Prime Minister Hun Sen yesterday said that Cambodia conducted a free and fair election on Sunday with a higher voter turnout. However, the Grassroots Democratic Party alleged that the election was not up to a standard.
Mr Hun Sen said on Facebook 82.89 percent of voters cast ballots and 20 parties contested the election, clearly showing the majority of Cambodian people took part in multiparty democracy.
“Cambodia determined its fate through a free and fair election,” he added. “People showed great will in exercising their right to vote for any political party they liked without pressure or coercion.”
“Cambodia is an independent and sovereign country and will continue to hold an election every five years so that all people have a chance to vote and determine the country’s fate freely,” he said.
Meanwhile, the GDP denounced the election in a statement, saying that it was not free or fair because of the absence of the outlawed CNRP and due to intimidation.
“The GDP knew in advance that the election was not fully up to a free and fair standard because of the CNRP’s dissolution, civil society organisation intimidated, restrictions on the freedom of the press and state infrastructure being used for campaigning,” it said in the statement.
“However, the GDP decided to contest the election because we wanted to nurture a new political culture and give Cambodian people a new chance,” it added.
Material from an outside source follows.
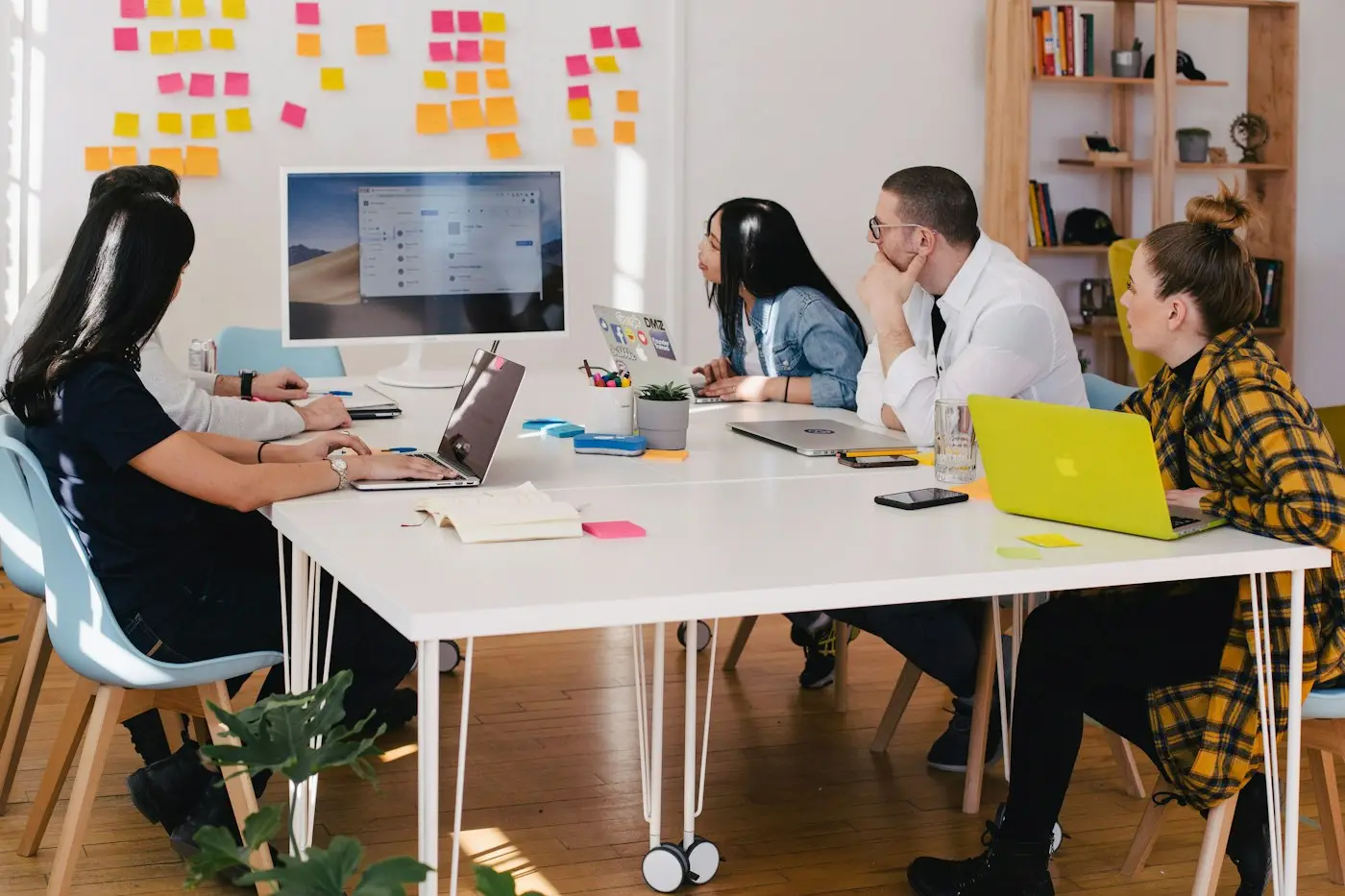 A team around a workshop table, a wall of notes behind them.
According to preliminary National Election Committee results, more than 6.9 million people cast ballots on Sunday.
The NEC said the CPP secured 76.78 percent of votes nationwide.
Sam Inn, the GDP’s secretary-general, said that his party could not conclude whether the voter turnout of 82.89 percent was right because no trusted election watchdogs observed the election.
“We cannot conclude the voter turnout rate is entirely correct because we don’t have enough observers and no civil society organisations we trust took part,” Mr Inn said. “If the ruling CPP wins all parliamentary seats, democratic process will be affected because there is no opposition voice.”
Two local election watchdogs – Comfrel and Nicfec – opted not to observe the election due to being blacklisted after the 2017 commune elections.
The election on Sunday was met with mixed views internationally.
On Monday, both Canada and the US slammed it as neither free nor fair, but both China and Russia issued statements in support of the poll.
Yesterday, the French government said in a statement that it regretted that the elections were held in an environment that did not allow the CNRP, media or civil society organisations to function unimpeded.
“France regrets the fact that the Cambodia parliamentary elections took place without the main opposition party,” said French foreign ministry deputy spokesman Alexandre Giorgini. “We urge the Cambodian authorities to respect the fundamental rights that will guarantee a credible democratic process.”
The Foreign Affairs Ministry yesterday hit back at the critics, saying that the high turnout meant the election was legitimate.
“By generally accepted standards, the first criterion for the legitimacy of an election is the participation rate of registered voters,” the ministry said in a statement. “This exceptional high turnout rate is truly a reflection of a strong confidence of the citizens in the electoral process and in the NEC.”
“The ministry would like to point out that this voter participation rate exceeds, sometimes by far, those in several Western democracies, including some of which that are strongly critical of the Cambodian election now,” it added. “The ministry regrets the politically motivated assessments of some foreign governments who refused to send observers and instead declared from the beginning until the end that the election was not free and fair.”